0
votes

I have some data in Matlab I'd like to plot using a boxplot. Since the standard boxplot wasn't customizable enough, I decided to use the boxPlot function from the IoSR Statistics Toolbox. I want the boxplot to have whiskers that show the 0.025- and 0.975-quantiles, while the box itself shows interquartile range and median (this is by default anyway). A typical data set is for example

p = [60.1 93 135.2 69 107.1 98.4 118.9 83.9 67 74.5 102.5 120.8 103.7 114.3 102.4 139.9 110.4 119.3 105.1 79.8 222.7 185.3 76.4 100.2 61.2 131.6 87.2 96 113.3 52.9 78.5 163.3 65.4 64.4];

I calculated the 0.025- and 0.975-quantiles with the standard Matlab method prctile() as well as the quantile function of the toolbox quantile() that the boxplot method should be using and get the exact same results:

prctile(p,2.5,2) -> ans = 55.4200
prctile(p,97.5,2) -> ans = 209.6100
iosr.statistics.quantile(p,0.025,2,'R-5') -> ans = 55.4200
iosr.statistics.quantile(p,0.975,2,'R-5') -> ans = 209.6100

However when I create a boxplot with the code below, I get whiskers that are somehow too short. The upper whisker ends at 185.3, not 209.61, and the lower whisker extends to 60.1, instead of 55.42. The whiskers now end exactly at the second largest / smallest value of the data set, while the manually computed quantiles seem to utilize some sort of interpolation scheme to get to their values.

What is it I'm getting wrong here? How do I get the boxplot to show the same quantiles as the manually calculated?

iosr.statistics.boxPlot(["data"],p'...
    ,'limit',[2.5, 97.5],'boxColor',[0.5 0.5 0.5],'lineColor','k'...
    ,'medianColor',[0.2 0.2 0.2],'method','R-5','showOutliers',false...
    ,'xspacing','equal')

enter image description here

1

1 Answers

1
votes

Indeed the prctile function uses interpolation in calculating the exact percentile values.
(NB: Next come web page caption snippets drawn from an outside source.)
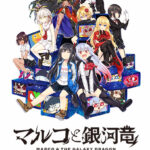 マルコと銀河竜 〜MARCO ＆ THE GALAXY DRAGON〜【全年齢向け】【萌えゲーアワード2020 イノベーション賞 受賞】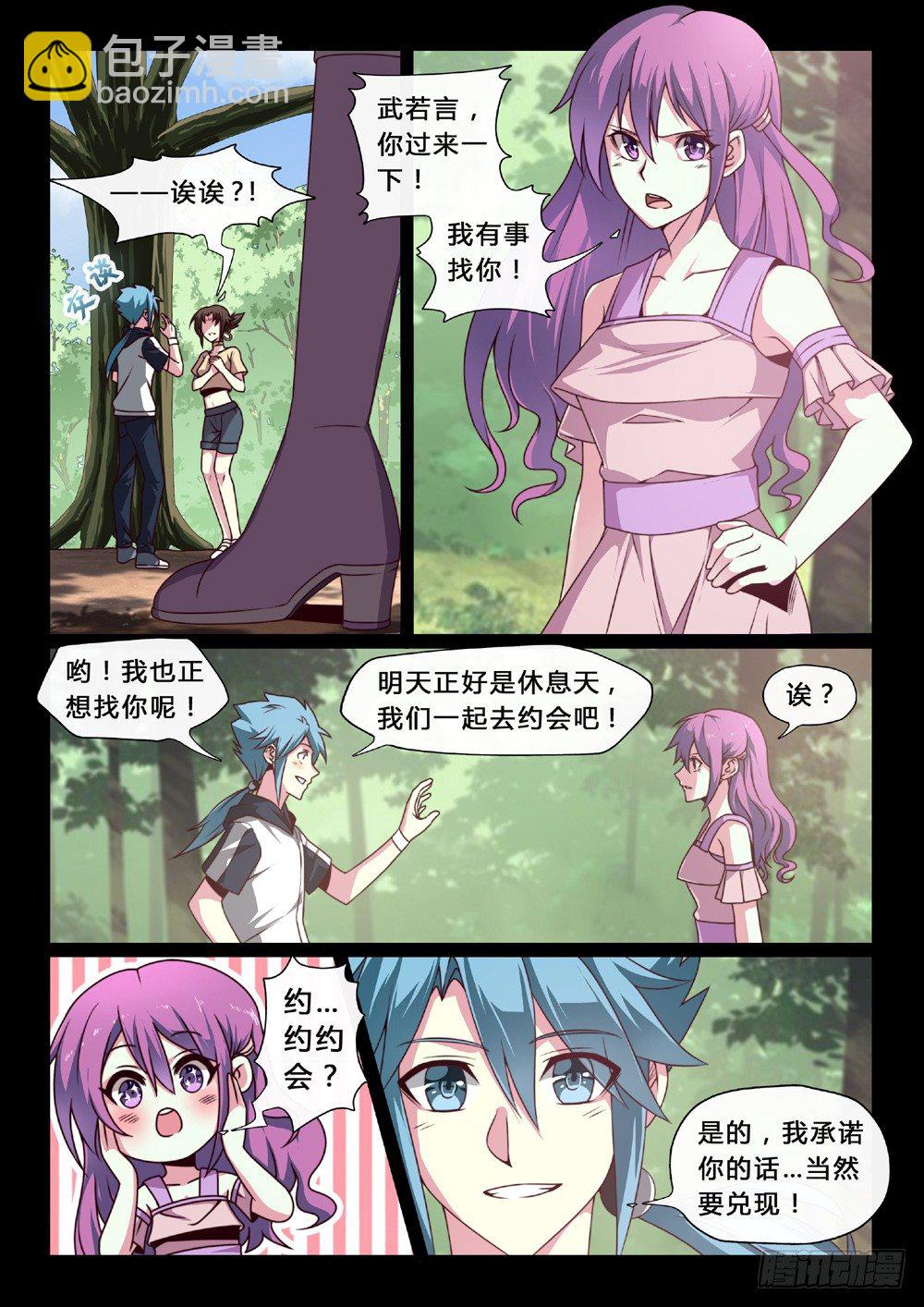 第39话：你的风景-第42话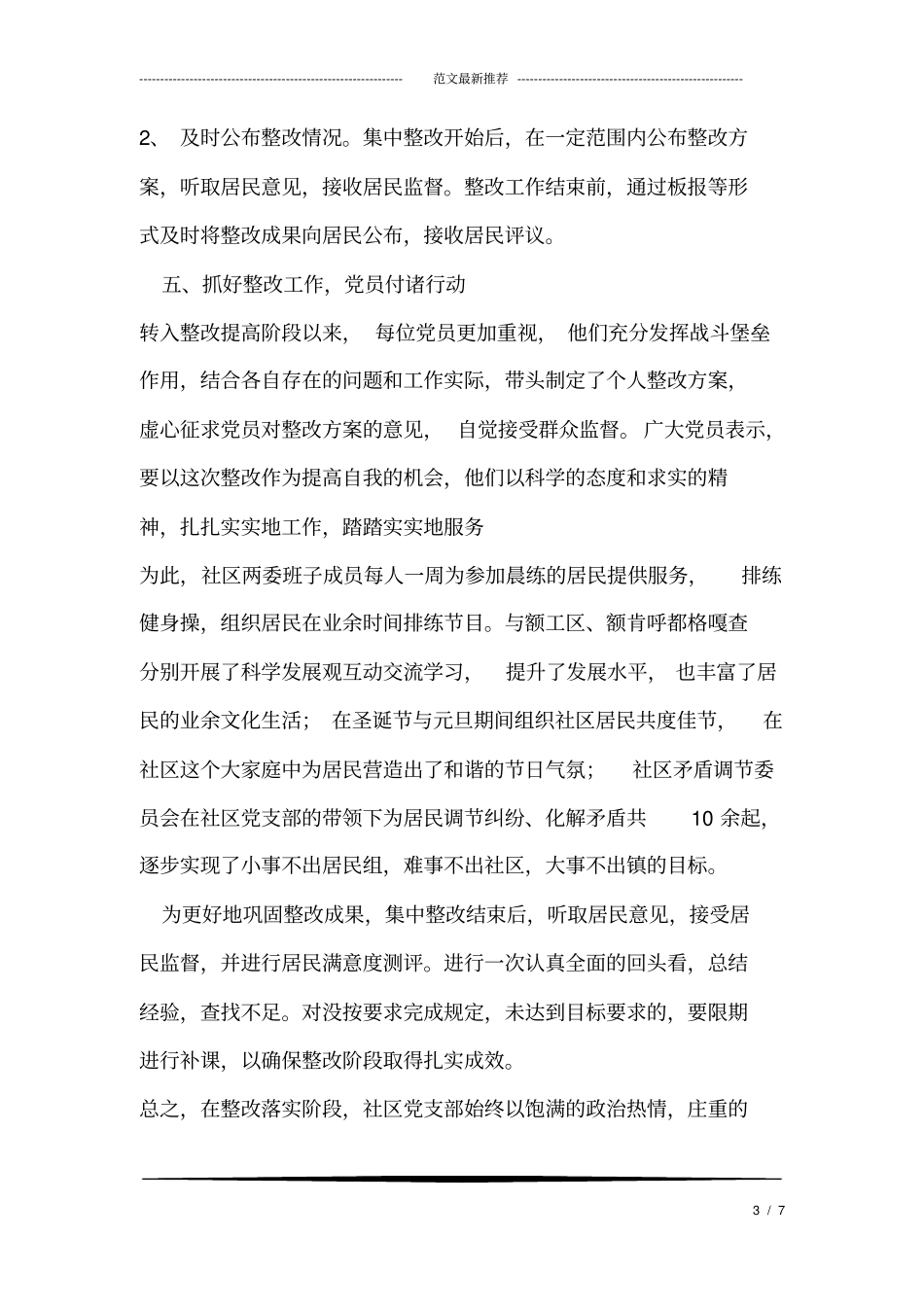 整改落实阶段工作总结_第3页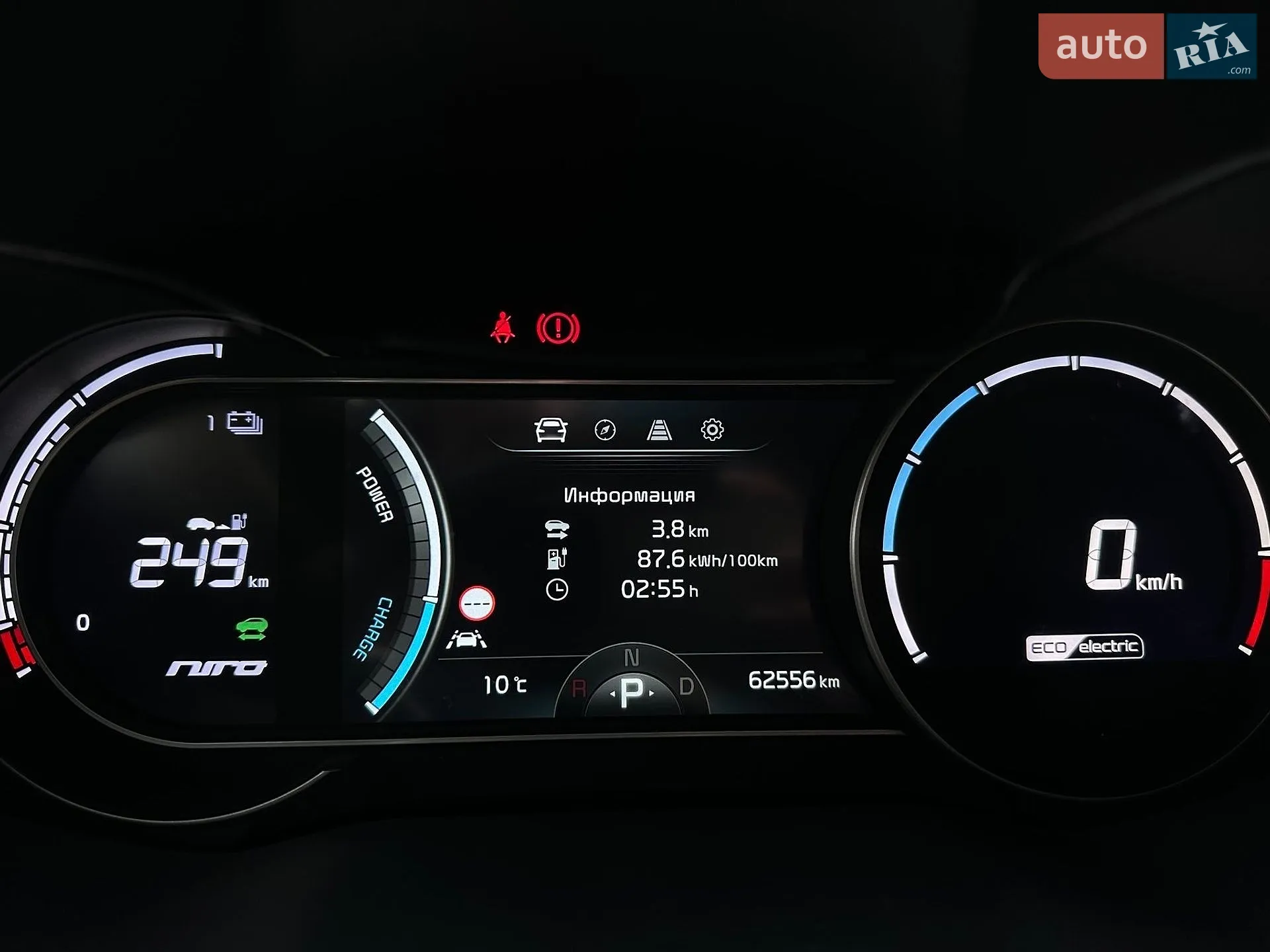 2020 Kia Niro - мініатюра 52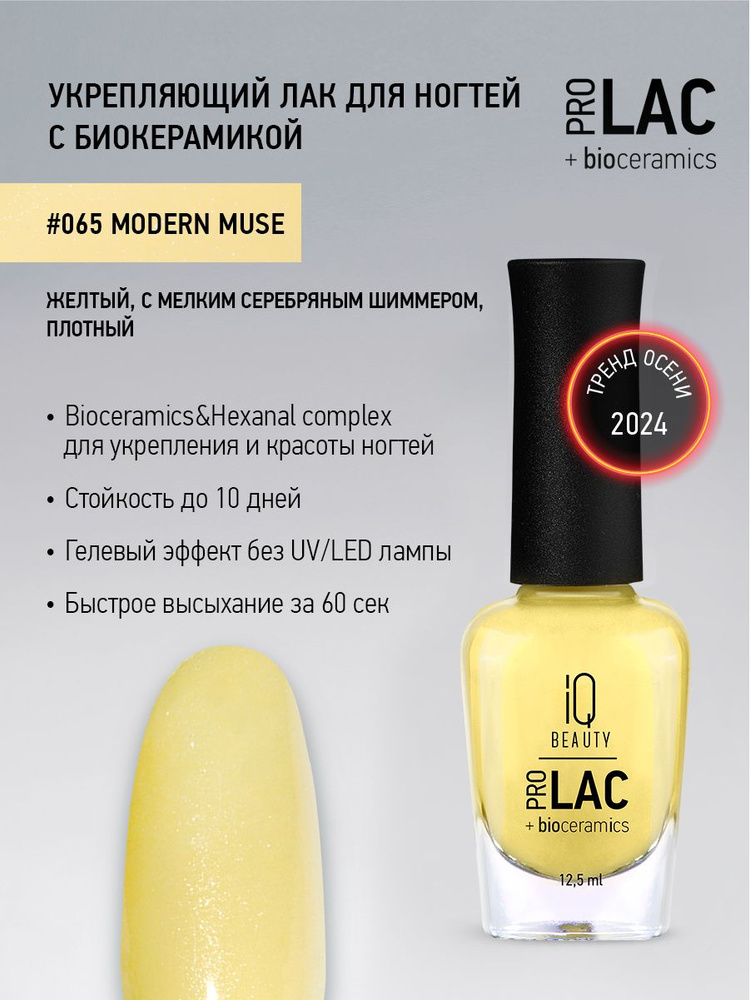 IQ BEAUTY, Лак для ногтей, укрепляющий, PROLAC, тон 65, 12.5 мл. #1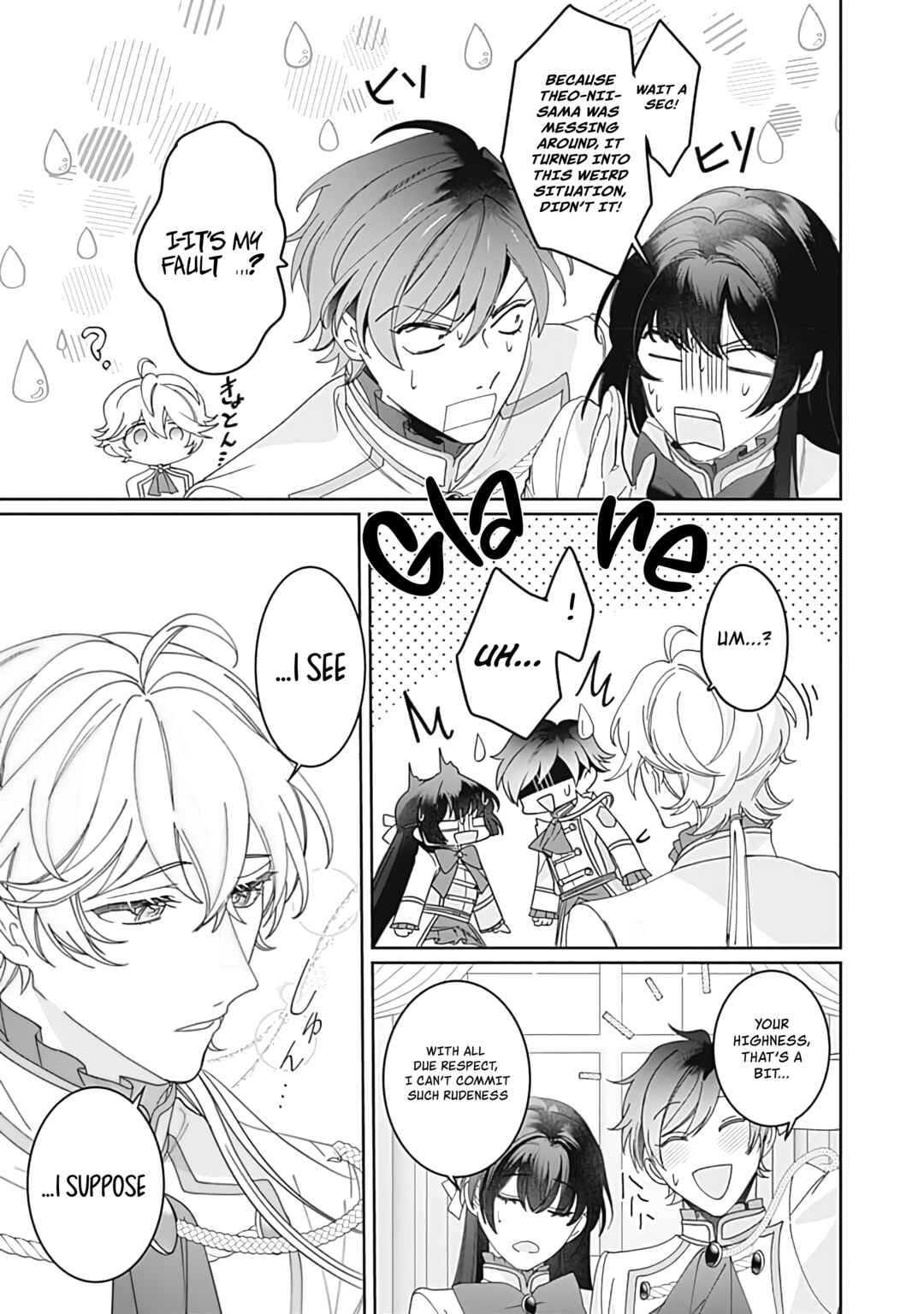 Page 12 Chapter 3 Mi Play no Otome Game ni Tensei Shita Heibon Reijou wa Seinaru Shishuu no Ito wo Sasu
Meanwhile, according to the source code for the IoSR boxplot function:

the whiskers extend to the most extreme data that are not considered outliers

So the options 'limit' isn't setting where the whiskers end directly, just where to mark outliers.

I went and confirmed it with your example data. Here the red lines are your desired quantile values, and the blue dots are your data. I've marked the furthest data points, and sure enough, that's where your whiskers ended.


As to how to get it to show the desired percentile marker, I don't know for sure, since I don't have the toolbox, but I recommend you look into their options for adding percentile; see help or docs? (not sure where the documentations are) Possibly relevant options include:

%       addPrctiles         - Show additional percentiles using markers and
%                             labels. The property should be a vector of
%                             percentiles; each percentile will be plotted
%                             for each box. The property is empty by
%                             default.
...
%       addPrctilesLabels   - Specify labels for the additional
%                             percentiles. The property should be a cell
%                             array of strings. By defualt no label
%                             is shown.
%       addPrctilesMarkers  - Specify markers for the additional
%                             percentiles. The property should be a cell
%                             array of strings indicating the shape of each
%                             percentile; the markers will be repeated for
%                             each box. The default is '*'.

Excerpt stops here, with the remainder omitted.